Dataset extract:
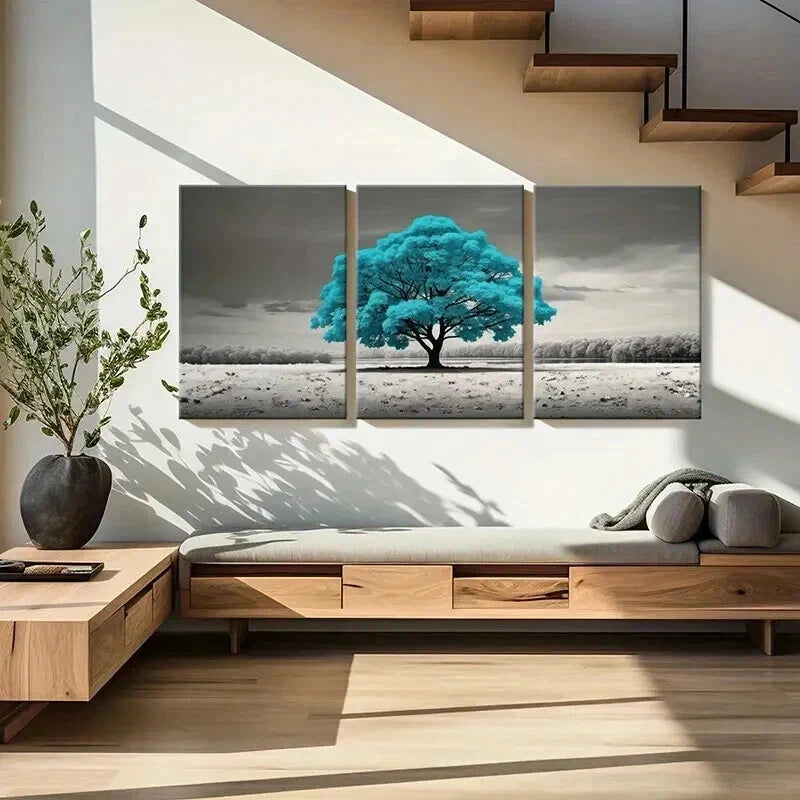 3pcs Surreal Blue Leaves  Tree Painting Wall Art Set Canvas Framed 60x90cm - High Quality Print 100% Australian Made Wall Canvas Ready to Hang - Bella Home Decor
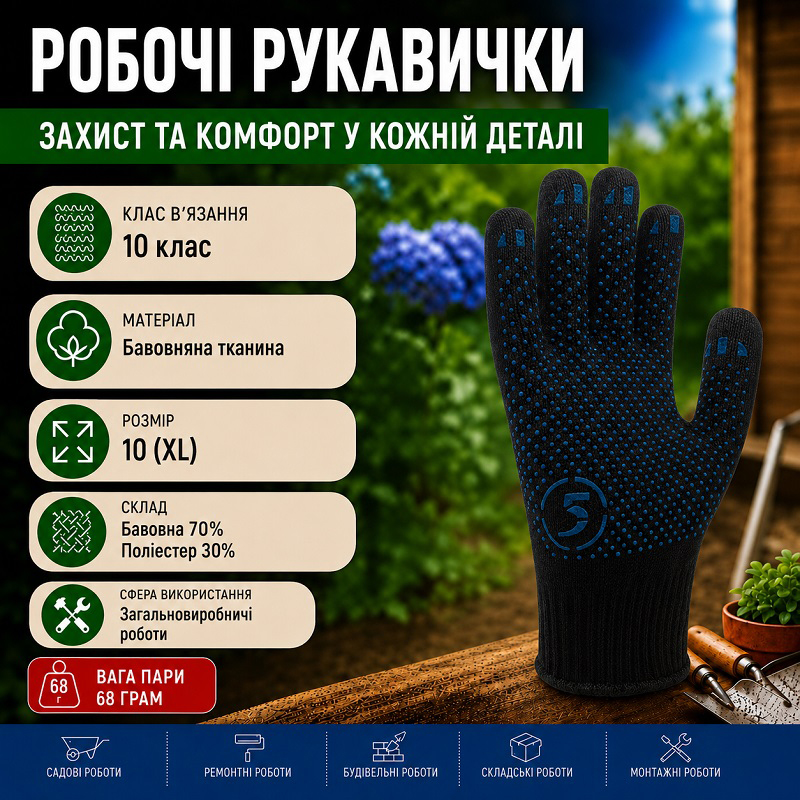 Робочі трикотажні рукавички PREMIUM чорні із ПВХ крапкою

--

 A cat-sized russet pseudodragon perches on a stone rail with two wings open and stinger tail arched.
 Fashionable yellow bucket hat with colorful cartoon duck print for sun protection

Directions for this task:
Read the material above and copy out each line holding "with".

Output:
 A cat-sized russet pseudodragon perches on a stone rail with two wings open and stinger tail arched.
 Fashionable yellow bucket hat with colorful cartoon duck print for sun protection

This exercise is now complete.